5

I am trying to find a way for connection pool management for external connections created in Airflow.
Airflow version : 2.1.0
Python Version : 3.9.5
Airflow DB : SQLite
External connections created : MySQL and Snowflake

I know there are properties in airflow.cfg file

sql_alchemy_pool_enabled = True  
sql_alchemy_pool_size = 5

But these properties are for managing the airflow internal DB which is SQLite in my case.

I have few tasks which are reading or writing data in MySQL and Snowflake.

snowflake_insert = SnowflakeOperator(
          task_id='insert_snowflake',
          dag=dag,
          snowflake_conn_id=SNOWFLAKE_CONN_ID,
          sql="Some Insert query",
          warehouse=SNOWFLAKE_WAREHOUSE,
          database=SNOWFLAKE_DATABASE,
          schema=SNOWFLAKE_SCHEMA,
          role=SNOWFLAKE_ROLE
     )

and

insert_mysql_task = MySqlOperator(task_id='insert_record', mysql_conn_id='mysql_default', sql="some insert query", dag=dag)

Reading data from MySQL

def get_records():
    mysql_hook = MySqlHook(mysql_conn_id="mysql_default")
    records = mysql_hook.get_records(sql=r"""Some select query""")
    print(records)

What I observed is a new session is getting created for each of the task (there are multiple tasks in the same dag) for Snowflake, haven't verified the same for MySQL.

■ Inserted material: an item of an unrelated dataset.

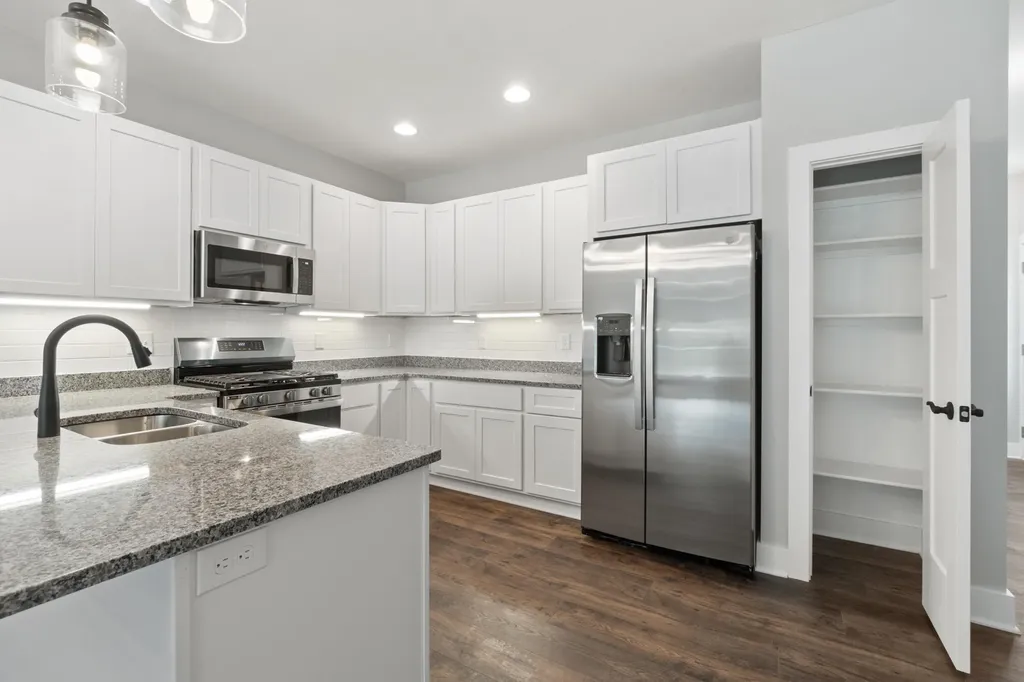 134 Ashley Court Brooklyn Village MI 49230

Is there a way to maintain connection pool for external connections (in my case Snowflake and MySQL) or any other way to run all the queries in same DAG in same session ?

Thanks

Elad Kalif
  • 14,110
  • 2
  • 17
  • 49
Shashank Gupta
  • 321
  • 3
  • 15

1 Answers1

2

Airflow offers using Pools as a way to limit concurrency to an external service.

You can create a Pool via the UI: Menu -> Admin -> Pools

Or with CLI :

airflow pools set NAME slots

The pool has slots which define how many tasks that use the resources can run in parallel. If the pool is full the tasks will queued untill a slot is opened.

To use the pool in operators is simply adding pool=Name to the Operator.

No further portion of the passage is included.